WORK ORDER: Go through the material underneath and show every line where the string "Used" occurs.

═══ STUDY MATERIAL ═══

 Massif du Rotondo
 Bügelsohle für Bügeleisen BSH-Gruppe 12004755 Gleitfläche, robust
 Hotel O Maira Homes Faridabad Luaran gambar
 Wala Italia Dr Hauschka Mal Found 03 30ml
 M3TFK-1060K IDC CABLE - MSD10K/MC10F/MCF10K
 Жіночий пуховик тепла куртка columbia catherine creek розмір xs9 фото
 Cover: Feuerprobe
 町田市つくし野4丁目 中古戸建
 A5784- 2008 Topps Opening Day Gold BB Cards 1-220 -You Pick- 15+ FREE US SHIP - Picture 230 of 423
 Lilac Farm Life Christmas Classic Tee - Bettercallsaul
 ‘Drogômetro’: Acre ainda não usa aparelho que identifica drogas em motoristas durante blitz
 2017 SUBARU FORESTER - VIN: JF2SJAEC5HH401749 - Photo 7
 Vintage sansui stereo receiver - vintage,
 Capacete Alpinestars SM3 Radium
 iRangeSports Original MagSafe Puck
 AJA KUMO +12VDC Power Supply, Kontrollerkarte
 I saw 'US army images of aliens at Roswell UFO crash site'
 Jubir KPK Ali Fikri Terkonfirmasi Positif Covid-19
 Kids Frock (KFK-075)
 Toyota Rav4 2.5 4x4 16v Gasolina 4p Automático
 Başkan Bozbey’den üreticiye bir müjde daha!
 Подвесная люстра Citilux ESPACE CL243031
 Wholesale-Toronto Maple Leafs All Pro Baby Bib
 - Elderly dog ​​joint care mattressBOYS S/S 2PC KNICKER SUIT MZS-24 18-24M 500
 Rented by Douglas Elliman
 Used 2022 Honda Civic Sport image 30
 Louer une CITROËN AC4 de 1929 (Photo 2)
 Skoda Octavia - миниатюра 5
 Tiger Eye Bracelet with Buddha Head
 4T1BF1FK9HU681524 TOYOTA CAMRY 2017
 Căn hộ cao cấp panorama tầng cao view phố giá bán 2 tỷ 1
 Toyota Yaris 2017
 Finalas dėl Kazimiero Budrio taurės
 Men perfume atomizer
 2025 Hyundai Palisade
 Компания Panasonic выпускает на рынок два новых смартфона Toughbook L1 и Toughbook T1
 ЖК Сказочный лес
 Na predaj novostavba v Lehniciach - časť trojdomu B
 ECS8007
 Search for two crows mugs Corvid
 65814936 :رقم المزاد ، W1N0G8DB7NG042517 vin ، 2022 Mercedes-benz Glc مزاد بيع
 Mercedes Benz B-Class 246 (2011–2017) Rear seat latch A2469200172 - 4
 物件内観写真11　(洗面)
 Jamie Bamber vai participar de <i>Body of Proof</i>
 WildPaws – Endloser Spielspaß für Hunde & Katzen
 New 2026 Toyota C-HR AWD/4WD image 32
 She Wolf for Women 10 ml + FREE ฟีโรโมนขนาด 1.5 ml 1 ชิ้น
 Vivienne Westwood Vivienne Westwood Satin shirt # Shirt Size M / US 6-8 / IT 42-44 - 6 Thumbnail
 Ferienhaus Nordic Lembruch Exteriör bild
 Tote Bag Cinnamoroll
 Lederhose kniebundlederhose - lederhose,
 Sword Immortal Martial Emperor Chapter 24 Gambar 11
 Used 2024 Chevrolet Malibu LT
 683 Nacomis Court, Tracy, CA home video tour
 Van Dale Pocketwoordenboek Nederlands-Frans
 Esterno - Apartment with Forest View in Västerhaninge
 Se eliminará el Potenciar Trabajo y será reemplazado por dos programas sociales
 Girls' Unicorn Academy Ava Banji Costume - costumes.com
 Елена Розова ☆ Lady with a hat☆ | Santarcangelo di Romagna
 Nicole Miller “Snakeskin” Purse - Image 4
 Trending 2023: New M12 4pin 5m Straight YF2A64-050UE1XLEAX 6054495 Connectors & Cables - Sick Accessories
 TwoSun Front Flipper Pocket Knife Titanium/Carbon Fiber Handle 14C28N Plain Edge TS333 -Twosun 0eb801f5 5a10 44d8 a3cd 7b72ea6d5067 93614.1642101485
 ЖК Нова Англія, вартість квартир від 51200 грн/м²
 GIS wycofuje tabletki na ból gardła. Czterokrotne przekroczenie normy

═══

COMPLETED EXERCISE:
 Used 2022 Honda Civic Sport image 30
 Used 2024 Chevrolet Malibu LT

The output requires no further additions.